Join us on Wednesday, June 29th, 2016, at 2 pm Eastern Time as LNE/G-MED North America Inc. will be hosting a free informative session on Clinical Evaluation Requirements for In Vitro Diagnostic Devices (IVDs) in the upcoming IVD Regulation.
The regulatory landscape for In Vitro Diagnostics (IVDs) in Europe is expected to go through some significant changes in the coming months, with the replacement of the IVD Directive by the IVD Regulation. When for some, those changes constitute a significant evolution, for other, it is a revolution. In all cases, IVD manufacturers should be prepared to understand, undertake and comply with the future requirements of the IVD regulation and familiarize themselves with the requirements on Clinical Evaluation.

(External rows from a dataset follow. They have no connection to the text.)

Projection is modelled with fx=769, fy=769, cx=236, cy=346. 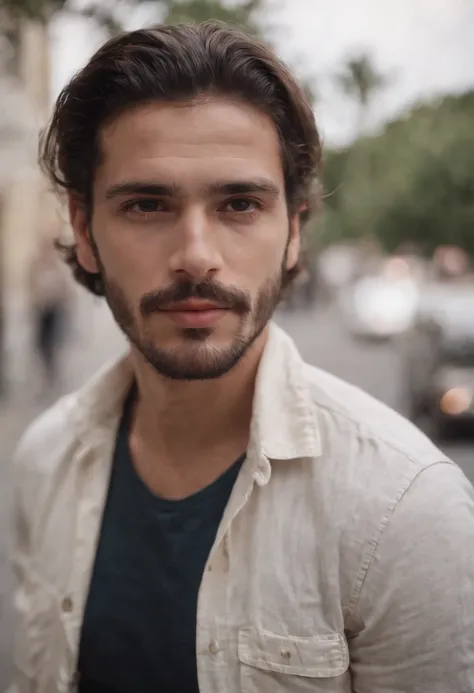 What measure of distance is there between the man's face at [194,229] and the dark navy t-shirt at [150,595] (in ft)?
0.88

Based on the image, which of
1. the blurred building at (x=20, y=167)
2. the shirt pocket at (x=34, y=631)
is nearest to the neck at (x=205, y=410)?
the shirt pocket at (x=34, y=631)

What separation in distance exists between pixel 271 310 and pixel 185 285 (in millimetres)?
186

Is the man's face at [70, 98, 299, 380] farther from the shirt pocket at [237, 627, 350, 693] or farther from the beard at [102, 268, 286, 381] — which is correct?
the shirt pocket at [237, 627, 350, 693]

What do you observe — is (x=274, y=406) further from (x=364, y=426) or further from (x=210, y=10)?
(x=210, y=10)

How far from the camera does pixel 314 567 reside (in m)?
1.26

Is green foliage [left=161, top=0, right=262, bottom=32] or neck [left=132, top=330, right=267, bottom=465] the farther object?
green foliage [left=161, top=0, right=262, bottom=32]

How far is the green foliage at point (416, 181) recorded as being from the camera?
3191mm

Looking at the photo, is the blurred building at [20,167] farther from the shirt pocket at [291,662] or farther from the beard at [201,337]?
the shirt pocket at [291,662]

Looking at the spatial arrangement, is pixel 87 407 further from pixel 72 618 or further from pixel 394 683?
pixel 394 683

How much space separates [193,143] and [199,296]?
0.85 feet

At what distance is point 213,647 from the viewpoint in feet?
4.24

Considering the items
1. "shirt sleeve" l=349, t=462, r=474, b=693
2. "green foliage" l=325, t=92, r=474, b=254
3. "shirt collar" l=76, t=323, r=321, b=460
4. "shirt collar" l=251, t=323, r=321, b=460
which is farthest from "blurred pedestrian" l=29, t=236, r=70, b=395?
"shirt sleeve" l=349, t=462, r=474, b=693

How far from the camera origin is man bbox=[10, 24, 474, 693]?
121cm

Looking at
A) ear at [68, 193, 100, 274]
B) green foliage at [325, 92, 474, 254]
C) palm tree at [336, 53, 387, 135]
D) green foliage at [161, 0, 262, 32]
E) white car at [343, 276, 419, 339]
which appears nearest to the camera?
ear at [68, 193, 100, 274] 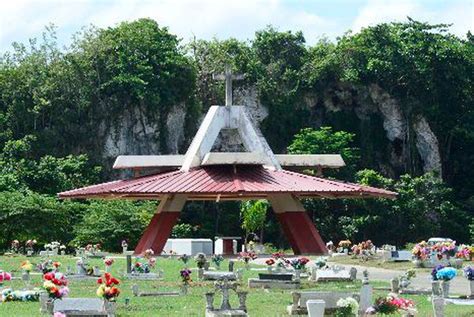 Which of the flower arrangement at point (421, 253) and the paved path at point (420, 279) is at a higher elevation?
the flower arrangement at point (421, 253)

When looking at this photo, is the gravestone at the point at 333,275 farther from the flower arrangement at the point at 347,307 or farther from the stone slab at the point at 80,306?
the stone slab at the point at 80,306

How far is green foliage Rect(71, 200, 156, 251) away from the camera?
190 feet

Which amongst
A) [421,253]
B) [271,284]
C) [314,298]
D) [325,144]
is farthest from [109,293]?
[325,144]

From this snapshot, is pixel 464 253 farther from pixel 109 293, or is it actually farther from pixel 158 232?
pixel 109 293

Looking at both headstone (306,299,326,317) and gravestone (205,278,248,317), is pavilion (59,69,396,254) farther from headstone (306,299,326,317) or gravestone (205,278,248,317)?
headstone (306,299,326,317)

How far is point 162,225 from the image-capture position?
48.4m

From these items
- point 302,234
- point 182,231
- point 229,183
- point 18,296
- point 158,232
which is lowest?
point 18,296

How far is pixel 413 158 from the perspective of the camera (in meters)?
74.4

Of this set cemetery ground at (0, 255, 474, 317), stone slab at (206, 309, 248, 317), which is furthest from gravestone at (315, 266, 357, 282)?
stone slab at (206, 309, 248, 317)

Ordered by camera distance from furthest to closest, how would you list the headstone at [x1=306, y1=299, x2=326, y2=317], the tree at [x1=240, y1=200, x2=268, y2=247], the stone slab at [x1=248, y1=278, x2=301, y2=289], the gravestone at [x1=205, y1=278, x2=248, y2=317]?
the tree at [x1=240, y1=200, x2=268, y2=247] → the stone slab at [x1=248, y1=278, x2=301, y2=289] → the gravestone at [x1=205, y1=278, x2=248, y2=317] → the headstone at [x1=306, y1=299, x2=326, y2=317]

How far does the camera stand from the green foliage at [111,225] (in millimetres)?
57969

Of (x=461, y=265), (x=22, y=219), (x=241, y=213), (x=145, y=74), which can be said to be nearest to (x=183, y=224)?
(x=241, y=213)

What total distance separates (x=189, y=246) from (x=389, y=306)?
31.2 meters

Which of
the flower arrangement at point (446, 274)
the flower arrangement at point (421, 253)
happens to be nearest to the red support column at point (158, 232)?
the flower arrangement at point (421, 253) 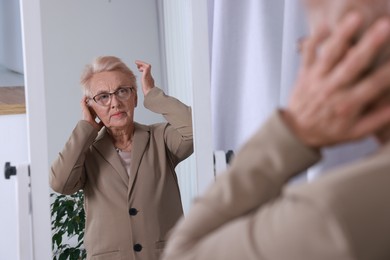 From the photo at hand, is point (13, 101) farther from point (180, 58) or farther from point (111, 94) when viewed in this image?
point (180, 58)

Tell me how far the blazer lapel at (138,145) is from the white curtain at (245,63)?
0.65ft

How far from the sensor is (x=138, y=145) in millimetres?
1571

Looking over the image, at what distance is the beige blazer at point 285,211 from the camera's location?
0.53 m

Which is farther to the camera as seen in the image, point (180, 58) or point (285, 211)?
point (180, 58)

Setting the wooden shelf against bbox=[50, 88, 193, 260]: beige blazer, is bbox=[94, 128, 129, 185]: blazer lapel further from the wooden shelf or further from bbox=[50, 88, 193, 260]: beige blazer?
the wooden shelf

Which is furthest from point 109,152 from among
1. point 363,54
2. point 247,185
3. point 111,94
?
point 363,54

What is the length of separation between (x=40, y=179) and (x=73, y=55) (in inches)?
13.8

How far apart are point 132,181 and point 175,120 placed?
7.9 inches

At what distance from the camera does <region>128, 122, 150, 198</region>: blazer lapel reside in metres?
1.56

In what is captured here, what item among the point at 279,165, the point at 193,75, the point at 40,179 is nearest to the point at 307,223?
the point at 279,165

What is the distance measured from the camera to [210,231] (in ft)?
2.12

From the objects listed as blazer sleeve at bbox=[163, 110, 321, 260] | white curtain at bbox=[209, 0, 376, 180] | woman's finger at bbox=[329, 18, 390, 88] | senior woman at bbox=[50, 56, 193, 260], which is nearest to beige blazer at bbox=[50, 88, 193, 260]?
senior woman at bbox=[50, 56, 193, 260]

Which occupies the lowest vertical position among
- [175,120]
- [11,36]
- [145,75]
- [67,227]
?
[67,227]

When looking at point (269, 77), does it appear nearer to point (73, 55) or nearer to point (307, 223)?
point (73, 55) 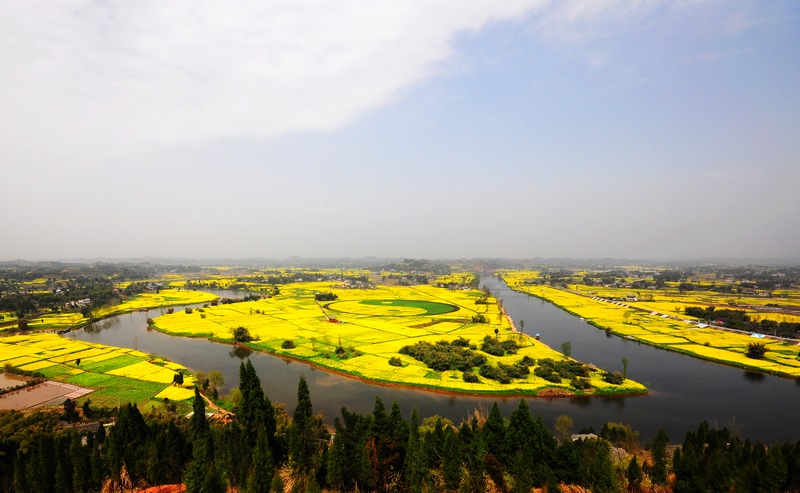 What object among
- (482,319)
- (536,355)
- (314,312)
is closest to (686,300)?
(482,319)

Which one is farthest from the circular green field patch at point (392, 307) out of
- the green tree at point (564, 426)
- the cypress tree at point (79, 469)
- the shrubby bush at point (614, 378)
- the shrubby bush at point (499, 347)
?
the cypress tree at point (79, 469)

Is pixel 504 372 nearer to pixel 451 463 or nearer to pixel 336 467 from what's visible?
pixel 451 463

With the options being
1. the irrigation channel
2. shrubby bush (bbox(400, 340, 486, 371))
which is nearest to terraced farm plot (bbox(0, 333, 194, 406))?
the irrigation channel

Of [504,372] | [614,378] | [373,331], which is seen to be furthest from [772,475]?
[373,331]

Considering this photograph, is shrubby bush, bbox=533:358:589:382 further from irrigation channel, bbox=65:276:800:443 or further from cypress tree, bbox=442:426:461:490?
cypress tree, bbox=442:426:461:490

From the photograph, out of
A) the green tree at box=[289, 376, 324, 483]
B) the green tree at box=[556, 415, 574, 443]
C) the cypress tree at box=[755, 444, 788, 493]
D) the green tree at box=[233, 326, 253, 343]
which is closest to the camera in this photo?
the cypress tree at box=[755, 444, 788, 493] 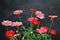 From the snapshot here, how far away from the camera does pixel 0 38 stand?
2553mm

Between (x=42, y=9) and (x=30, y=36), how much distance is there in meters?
1.35

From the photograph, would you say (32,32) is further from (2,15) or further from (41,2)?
(41,2)

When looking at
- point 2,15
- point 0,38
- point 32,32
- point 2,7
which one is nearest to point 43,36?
point 32,32

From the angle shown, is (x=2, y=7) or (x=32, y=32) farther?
(x=2, y=7)

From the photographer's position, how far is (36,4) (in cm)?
343

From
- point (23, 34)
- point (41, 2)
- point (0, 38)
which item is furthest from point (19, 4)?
point (23, 34)

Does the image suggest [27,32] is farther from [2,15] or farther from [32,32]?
[2,15]

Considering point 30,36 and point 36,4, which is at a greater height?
point 30,36

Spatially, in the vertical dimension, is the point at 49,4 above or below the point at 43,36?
below

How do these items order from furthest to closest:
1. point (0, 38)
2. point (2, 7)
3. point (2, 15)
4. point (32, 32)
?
point (2, 7) < point (2, 15) < point (0, 38) < point (32, 32)

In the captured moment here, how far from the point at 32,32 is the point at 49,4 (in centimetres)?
157

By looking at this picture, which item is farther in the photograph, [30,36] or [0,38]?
[0,38]

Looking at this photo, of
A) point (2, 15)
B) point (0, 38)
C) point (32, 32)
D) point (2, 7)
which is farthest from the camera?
point (2, 7)

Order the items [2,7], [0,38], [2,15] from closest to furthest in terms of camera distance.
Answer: [0,38] < [2,15] < [2,7] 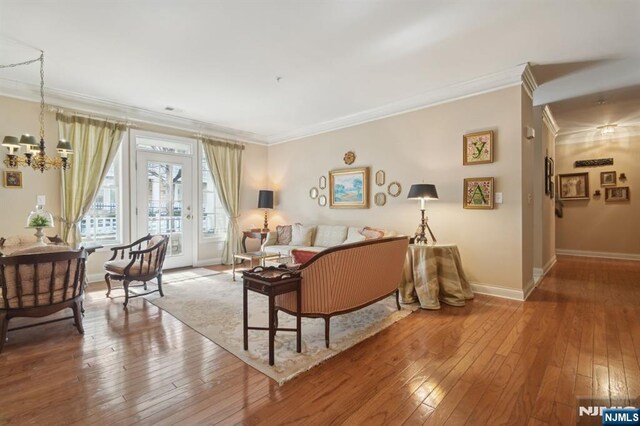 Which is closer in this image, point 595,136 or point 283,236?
point 283,236

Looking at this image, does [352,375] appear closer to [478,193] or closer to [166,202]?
[478,193]

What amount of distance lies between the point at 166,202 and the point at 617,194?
9.54m

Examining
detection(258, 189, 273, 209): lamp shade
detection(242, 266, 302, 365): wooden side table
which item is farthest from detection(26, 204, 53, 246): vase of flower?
detection(258, 189, 273, 209): lamp shade

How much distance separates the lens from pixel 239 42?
124 inches

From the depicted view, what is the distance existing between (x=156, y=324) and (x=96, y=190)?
2.88 meters

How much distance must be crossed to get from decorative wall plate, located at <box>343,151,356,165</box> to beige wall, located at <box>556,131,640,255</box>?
5.48 meters

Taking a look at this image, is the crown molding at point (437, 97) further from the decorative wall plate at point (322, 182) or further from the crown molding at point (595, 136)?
the crown molding at point (595, 136)

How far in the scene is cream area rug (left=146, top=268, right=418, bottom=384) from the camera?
94.8 inches

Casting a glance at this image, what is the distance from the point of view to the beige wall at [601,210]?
6.50 m

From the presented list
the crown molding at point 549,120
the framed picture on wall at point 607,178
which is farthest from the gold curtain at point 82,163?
the framed picture on wall at point 607,178

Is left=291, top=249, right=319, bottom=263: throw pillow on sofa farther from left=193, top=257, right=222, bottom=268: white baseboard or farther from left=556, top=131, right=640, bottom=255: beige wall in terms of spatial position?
left=556, top=131, right=640, bottom=255: beige wall

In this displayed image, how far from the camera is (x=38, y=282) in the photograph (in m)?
2.66

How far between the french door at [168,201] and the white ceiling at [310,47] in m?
1.20

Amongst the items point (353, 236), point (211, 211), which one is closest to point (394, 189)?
point (353, 236) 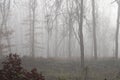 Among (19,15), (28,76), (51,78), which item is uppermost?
(19,15)

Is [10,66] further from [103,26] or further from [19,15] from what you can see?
[19,15]

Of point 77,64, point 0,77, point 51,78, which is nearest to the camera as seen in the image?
point 0,77

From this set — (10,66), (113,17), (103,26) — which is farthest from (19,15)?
(10,66)

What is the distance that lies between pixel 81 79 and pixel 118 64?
23.8ft

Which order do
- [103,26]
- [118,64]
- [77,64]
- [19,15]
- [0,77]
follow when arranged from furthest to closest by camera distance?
[19,15], [103,26], [77,64], [118,64], [0,77]

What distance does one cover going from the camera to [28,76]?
5859 mm

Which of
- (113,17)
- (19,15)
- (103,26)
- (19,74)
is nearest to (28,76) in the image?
(19,74)

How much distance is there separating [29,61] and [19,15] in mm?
70518

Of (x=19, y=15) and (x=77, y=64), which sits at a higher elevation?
(x=19, y=15)

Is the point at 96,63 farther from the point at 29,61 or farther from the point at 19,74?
the point at 19,74

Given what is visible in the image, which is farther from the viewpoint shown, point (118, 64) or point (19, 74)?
point (118, 64)

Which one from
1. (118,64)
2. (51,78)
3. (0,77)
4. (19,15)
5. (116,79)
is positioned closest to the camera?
(0,77)

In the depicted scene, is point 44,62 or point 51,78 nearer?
point 51,78

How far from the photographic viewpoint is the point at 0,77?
5766 millimetres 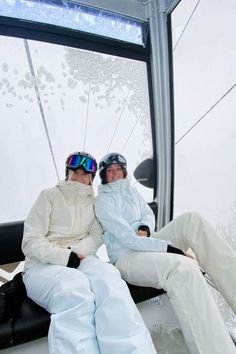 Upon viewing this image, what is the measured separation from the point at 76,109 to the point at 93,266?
5.28ft

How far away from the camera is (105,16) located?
7.98 feet

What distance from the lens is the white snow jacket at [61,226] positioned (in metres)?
1.49

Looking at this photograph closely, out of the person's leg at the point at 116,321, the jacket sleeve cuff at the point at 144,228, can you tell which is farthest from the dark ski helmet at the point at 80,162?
the person's leg at the point at 116,321

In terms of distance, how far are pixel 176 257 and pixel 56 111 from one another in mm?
1749

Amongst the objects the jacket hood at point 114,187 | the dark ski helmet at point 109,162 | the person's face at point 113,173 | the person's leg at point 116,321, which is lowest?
the person's leg at point 116,321

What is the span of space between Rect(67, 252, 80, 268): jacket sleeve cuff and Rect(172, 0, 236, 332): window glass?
4.63 ft

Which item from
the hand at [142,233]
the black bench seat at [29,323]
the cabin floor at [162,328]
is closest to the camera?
the black bench seat at [29,323]

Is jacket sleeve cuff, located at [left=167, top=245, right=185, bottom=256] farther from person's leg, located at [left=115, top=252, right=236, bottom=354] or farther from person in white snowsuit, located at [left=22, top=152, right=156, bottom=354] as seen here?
person in white snowsuit, located at [left=22, top=152, right=156, bottom=354]

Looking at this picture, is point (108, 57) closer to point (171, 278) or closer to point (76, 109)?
point (76, 109)

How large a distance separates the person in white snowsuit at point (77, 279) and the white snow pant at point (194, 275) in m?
0.20

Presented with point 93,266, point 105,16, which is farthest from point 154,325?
point 105,16

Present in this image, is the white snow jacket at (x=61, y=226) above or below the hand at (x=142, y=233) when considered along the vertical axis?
above

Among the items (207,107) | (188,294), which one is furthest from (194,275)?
(207,107)

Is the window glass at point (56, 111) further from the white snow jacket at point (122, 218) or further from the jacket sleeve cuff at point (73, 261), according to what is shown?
the jacket sleeve cuff at point (73, 261) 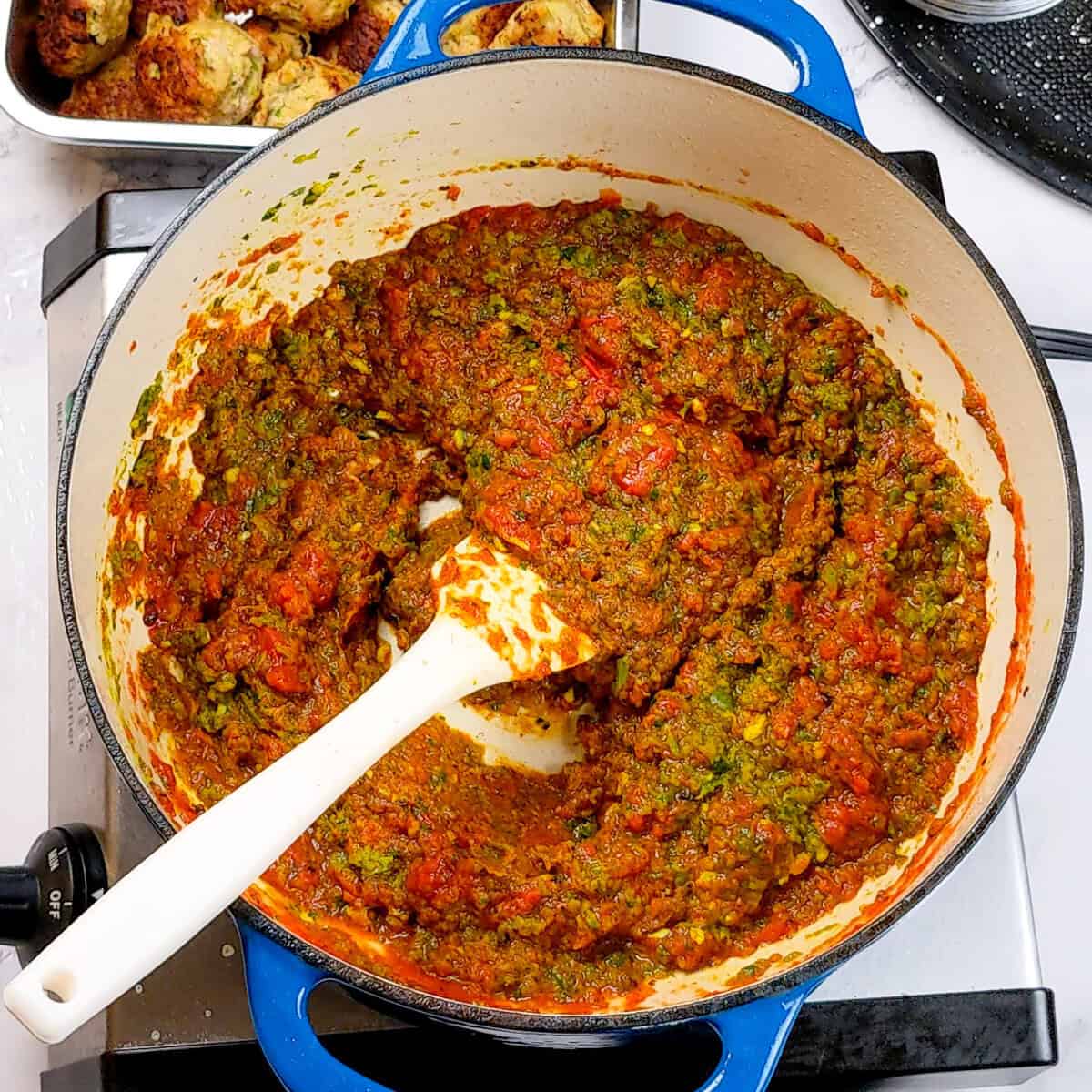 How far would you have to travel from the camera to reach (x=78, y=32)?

While entering the critical phase of the trilogue, critical changes have emerged from the requirements and will strongly impact the IVD industry. Among those, we note new requirements for Clinical Evidence / Performance Evaluation and Studies. IVD Manufacturers need to determine the proper studies for existing and future IVD devices to ensure for a smooth transition.
Join LNE/G-MED and Dr. Julien Sénac for an introduction to the Clinical Evaluation Requirements for IVDs. Julien will discuss some of the more important changes expected to be introduced with the IVD regulation, and their future impact for IVD manufactures and their products.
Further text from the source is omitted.